L extends DomainLattice<L, T> defines the type of abstract states the transformers accept as parameters (see the Lattices page;
T defines the return type of the transformers (as, in some cases, a domain implementation might want to return a pair of a state and some auxiliary information);
E extends SymbolicExpression defines the type of SymbolicExpressions the transformers can operate on;
I extends Identifier defines the type of Identifiers the transformers can assign values to.

HeapDomain, that has a type parameter L that must extend HeapLattice<L>, inherits directly from SemanticComponent<L, Pair<L, List<HeapReplacement>>, SymbolicExpression, Identifier>, meaning that its transformers accept instances of L as input, can process any SymbolicExpression and can assign values to any Identifier, but return a pair of a new state L and a substitution List<HeapReplacement>. ValueDomain, having a type parameter L that must extend ValueLattice<L>, and TypeDomain, having a type parameter L that must extend TypeLattice<L>, both inherit from SemanticComponent, fixing its first two type parameters to L, meaning that its transformers accept and produce instances of L, its I parameter to Identifier, and the type parameter E to ValueExpression.

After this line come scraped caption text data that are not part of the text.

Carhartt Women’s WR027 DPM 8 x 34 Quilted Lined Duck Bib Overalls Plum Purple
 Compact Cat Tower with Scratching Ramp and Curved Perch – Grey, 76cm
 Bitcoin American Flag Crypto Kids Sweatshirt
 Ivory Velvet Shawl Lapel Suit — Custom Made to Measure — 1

The methods of a SemanticOracle are replicated and split among the three components, each with an extra parameter for the state instance to use for the computation and a reference to the SemanticOracle itself for further queries. This allows domain-specific answers to each query to be computed modularly.

The SimpleAbstractDomain class can be defined in terms of these components:

SimpleAbstractDomain, parametric on the types H extends HeapLattice<H>, T extends TypeLattice<T>, and V extends ValueLattice<V> of the states of its inner components to use, implements AbstractDomain<SimpleAbstractState<H, V, T>> and stores the three components to use in its fields. Each transformer is implemented following the framework of rewritings and substitutions: first, the target expression is processed using the corresponding heapDomain transformer over the heapState of the current state, that returns a new instance of H and a substitution. The substitution is then applied to the typeState and valueState of the current state, updating them accordingly. Then, the heapDomain rewrites the expression, and the resulting expression(s) are processed one at a time using the corresponding typeDomain and valueDomain transformers over the updated typeState and valueState. The resulting states are merged together using the least upper bound operation to obtain the final states.

The SemanticOracle created by SimpleAbstractDomain is the MutableOracle, that holds the three states heap, type, and value to use for queries. The oracle can be mutated (that is, each state can be updated) to avoid excessive allocations during the execution of each transformer. In MutableOracle, each query is implemented by delegating the computation to the corresponding component, passing the held state and the oracle itself as parameter. Thus, components always receive an oracle that has an overview of the whole program state, and can query information from each other as needed.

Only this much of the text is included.